Father Daughter relationships

"Most women subconsciously gravitate towards men who accord her the same level – or lack – of value and empathy our fathers did. So if your father neglected to let you know how special and valuable you are, you may attract similar relationships with men in your adult life, unaware that you deserve better."  Psychologist Dr Linda Nielsen

I was moved to write this:

 

"The tears mean something", he said.

"Oh, they are nothing.  I had a good childhood."

"Your eyes filled up when you spoke of your father. That means something."

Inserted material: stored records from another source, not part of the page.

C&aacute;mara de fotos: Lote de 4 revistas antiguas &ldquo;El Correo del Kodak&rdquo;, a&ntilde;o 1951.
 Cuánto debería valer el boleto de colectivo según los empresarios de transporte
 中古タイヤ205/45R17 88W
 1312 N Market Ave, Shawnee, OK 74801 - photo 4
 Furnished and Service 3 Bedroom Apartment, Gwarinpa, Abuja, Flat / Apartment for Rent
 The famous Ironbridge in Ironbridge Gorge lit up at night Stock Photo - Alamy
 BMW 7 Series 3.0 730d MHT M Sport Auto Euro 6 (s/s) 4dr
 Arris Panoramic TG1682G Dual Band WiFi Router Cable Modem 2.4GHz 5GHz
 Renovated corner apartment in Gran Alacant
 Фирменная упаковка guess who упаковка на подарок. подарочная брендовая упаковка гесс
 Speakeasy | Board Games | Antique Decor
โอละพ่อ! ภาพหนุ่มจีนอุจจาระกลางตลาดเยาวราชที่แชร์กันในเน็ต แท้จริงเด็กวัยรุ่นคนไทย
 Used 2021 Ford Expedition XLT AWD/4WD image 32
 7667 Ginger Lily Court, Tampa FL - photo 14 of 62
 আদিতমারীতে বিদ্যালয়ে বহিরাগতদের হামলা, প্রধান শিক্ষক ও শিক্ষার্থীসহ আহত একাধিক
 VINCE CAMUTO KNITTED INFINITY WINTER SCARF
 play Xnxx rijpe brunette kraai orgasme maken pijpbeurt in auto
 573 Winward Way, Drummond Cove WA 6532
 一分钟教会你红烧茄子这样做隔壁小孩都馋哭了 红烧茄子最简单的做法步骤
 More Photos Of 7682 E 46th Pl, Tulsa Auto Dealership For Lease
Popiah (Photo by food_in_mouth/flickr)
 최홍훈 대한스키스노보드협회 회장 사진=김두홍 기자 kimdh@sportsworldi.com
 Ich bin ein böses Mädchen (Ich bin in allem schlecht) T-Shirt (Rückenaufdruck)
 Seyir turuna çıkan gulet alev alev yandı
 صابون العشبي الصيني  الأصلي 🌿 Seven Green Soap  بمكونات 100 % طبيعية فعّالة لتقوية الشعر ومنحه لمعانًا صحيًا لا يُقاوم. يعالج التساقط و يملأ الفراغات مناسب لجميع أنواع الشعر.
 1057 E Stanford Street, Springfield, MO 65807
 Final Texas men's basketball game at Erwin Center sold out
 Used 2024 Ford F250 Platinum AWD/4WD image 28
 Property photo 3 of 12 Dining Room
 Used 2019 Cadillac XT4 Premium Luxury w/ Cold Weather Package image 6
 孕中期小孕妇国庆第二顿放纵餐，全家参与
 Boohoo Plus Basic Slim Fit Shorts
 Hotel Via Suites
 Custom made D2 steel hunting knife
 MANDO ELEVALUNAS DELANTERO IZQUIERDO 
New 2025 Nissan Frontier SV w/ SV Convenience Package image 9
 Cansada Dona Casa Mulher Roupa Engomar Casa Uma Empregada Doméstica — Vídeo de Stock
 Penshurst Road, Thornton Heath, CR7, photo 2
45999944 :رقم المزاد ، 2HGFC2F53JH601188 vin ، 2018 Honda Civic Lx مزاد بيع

"Oh it's just grief that he died."

"Do you miss him?"

"Hmmmmm?  What?"

"Do you miss him?"

"What do you mean?" I said, not able to focus my thoughts.

"Do you miss him?"

"Hmmmmm...can't say.  He was honest and hard working and I was proud to have him for a father."

"Do you miss him?"

"He was a good man."

"Do you miss him?" He was relentless.

"In what way?"

"Do you miss him?"

Silence.

"I so wanted him to like me, to notice me, to see and hear me."

Silence.

I post this on this forum to ask women here.  What was your relationship with your father?  Have some of us been conditioned to not expect much connection? Is there a way to become more functional directing a family toward loving wholeness? Expecting and directing others how to love us and show it? Permitting ourselves to feel worthy of attention, respect and love? I have not demanded attention....even thought that was "selfish" to want attention.  I didn't get attention. Not now. Not then.  This is my part of our inability to communicate and connect.